16F876A CCP1 Capture/Interrupt Question
Hi,
I am experimenting with using the 16F876A to measure the turn off time of a phototransistor. I have tried two ways, just to see how much difference there would be in the time. The first way is using the RB0 input to generate an interrupt, and the 2nd is using the capture feature on pin RC2/CCP1.
1st method:
1. Turn off the LED that points at the phototransistor
2. Reset the timer1 high and low bytes to zero
3. When program jumps to ISR, read value of Timer 1. Result is 204uS
2nd method:
1. Turn off the LED that points at the phototransistor
2. Reset the timer1 high and low bytes to zero
3. Poll the CCP1IF flag in a loop until it goes high, and then read the value of the CCP1 high and low byte registers. Result is 188uS, which is almost exactly the same as I measure on an oscilloscope.
With 2nd method, I had expected to do it the same way as the first... I thought program would jump to ISR when pin RC2 went high, but it did not work. So my question is, why doesn't the program jump to the Interrupt handler when the CCP1IF flag gets set? If it did then I would not need to poll the pin in a loop. Would I be doing something wrong or is that how it is supposed to work? Thanks for any answers.

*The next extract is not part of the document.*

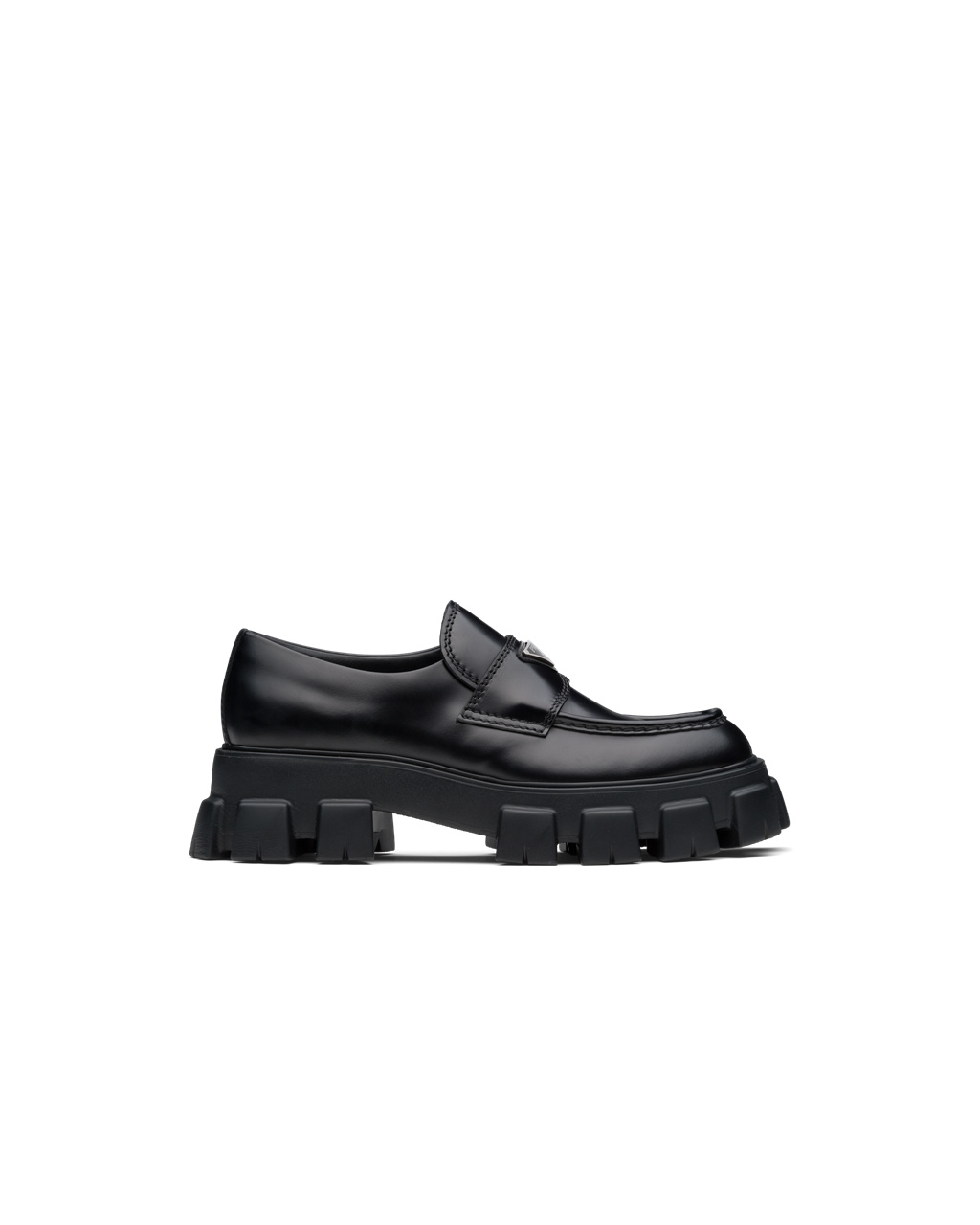 Prada Monolith Brushed Cuero Loafers Negras | 01639-BYFE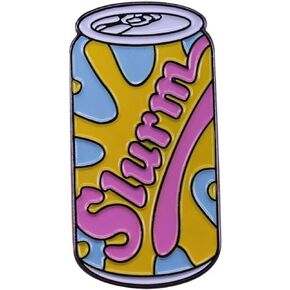 Futurama Slurm Soft Drink Can Slurms McKenzie Highly Addictive Animated Comedy TV Show 1.2" Enamel Pin Badge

Oscilloscope is a better way
If an event is slow, say many milliseconds, then software measurements such as you are trying can give reasonable results. However I would expect the turnon or turnoff time of a phototransistor with say a 4k7 load resistor to be only a few tens of microseconds. This is way too fast to easily measure in software IMHO. Unless you get deep into the assembly code produced by PBP and your assembler (PM or MPASM) you will not know how many machine code instructions lie between the event and the display of that event. That makes such a measurement in code a rather hit or miss affair.
There are no published timings for PBP commands because many of them are variable. For example the instruction "If A > B then" takes different times for a byte compare vs a word compare.
If at all possible, use an independent hardware device, an oscilloscope or logic analyser, to get believable and repeatable measurements.